* _TASK ITEM_: Copy the lines word for word. Begin at the line that contains "Vector Irises botanical" and end with the final line of the data.
-=-=-
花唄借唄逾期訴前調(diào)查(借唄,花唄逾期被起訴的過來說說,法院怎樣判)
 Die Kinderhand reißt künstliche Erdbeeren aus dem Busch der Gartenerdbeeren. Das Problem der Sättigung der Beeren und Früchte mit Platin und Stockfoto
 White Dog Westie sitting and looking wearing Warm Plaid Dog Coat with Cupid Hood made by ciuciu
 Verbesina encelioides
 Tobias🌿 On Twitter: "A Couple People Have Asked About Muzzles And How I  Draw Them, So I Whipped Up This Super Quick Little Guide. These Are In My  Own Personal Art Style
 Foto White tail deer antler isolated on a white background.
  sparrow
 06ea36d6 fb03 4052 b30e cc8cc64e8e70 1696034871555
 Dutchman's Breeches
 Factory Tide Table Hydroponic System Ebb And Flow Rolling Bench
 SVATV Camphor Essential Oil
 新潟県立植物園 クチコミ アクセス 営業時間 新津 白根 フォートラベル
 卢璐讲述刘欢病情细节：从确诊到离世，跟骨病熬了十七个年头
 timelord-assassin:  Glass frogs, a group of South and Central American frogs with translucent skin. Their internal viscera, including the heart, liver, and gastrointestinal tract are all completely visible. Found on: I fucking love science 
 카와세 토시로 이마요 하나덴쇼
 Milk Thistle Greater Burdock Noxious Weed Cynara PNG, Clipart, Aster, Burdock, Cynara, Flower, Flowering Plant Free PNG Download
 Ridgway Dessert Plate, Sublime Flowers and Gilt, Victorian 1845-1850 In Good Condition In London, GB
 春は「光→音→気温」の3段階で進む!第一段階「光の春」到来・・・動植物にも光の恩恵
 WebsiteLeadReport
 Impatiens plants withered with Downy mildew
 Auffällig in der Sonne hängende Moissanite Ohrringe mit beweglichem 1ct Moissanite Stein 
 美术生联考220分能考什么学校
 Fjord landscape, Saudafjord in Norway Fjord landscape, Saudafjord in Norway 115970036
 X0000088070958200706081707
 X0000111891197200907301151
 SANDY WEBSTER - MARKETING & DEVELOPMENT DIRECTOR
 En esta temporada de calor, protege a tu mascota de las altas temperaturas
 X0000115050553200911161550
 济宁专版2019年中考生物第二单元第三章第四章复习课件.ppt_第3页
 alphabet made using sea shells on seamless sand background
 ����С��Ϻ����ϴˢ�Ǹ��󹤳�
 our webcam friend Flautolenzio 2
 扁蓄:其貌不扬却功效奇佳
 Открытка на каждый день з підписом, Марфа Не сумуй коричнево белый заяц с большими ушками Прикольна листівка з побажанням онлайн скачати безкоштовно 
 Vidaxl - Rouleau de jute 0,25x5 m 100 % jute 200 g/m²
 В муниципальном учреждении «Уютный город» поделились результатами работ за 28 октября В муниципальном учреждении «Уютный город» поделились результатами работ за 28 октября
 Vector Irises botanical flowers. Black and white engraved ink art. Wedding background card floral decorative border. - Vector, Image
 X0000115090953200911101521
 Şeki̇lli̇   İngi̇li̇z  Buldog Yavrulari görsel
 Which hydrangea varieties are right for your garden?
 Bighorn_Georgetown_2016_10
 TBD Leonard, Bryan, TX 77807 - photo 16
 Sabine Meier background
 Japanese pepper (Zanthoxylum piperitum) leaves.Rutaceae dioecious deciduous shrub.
-=-=-
* _ANSWER SECTION_:
 Vector Irises botanical flowers. Black and white engraved ink art. Wedding background card floral decorative border. - Vector, Image
 X0000115090953200911101521
 Şeki̇lli̇   İngi̇li̇z  Buldog Yavrulari görsel
 Which hydrangea varieties are right for your garden?
 Bighorn_Georgetown_2016_10
 TBD Leonard, Bryan, TX 77807 - photo 16
 Sabine Meier background
 Japanese pepper (Zanthoxylum piperitum) leaves.Rutaceae dioecious deciduous shrub.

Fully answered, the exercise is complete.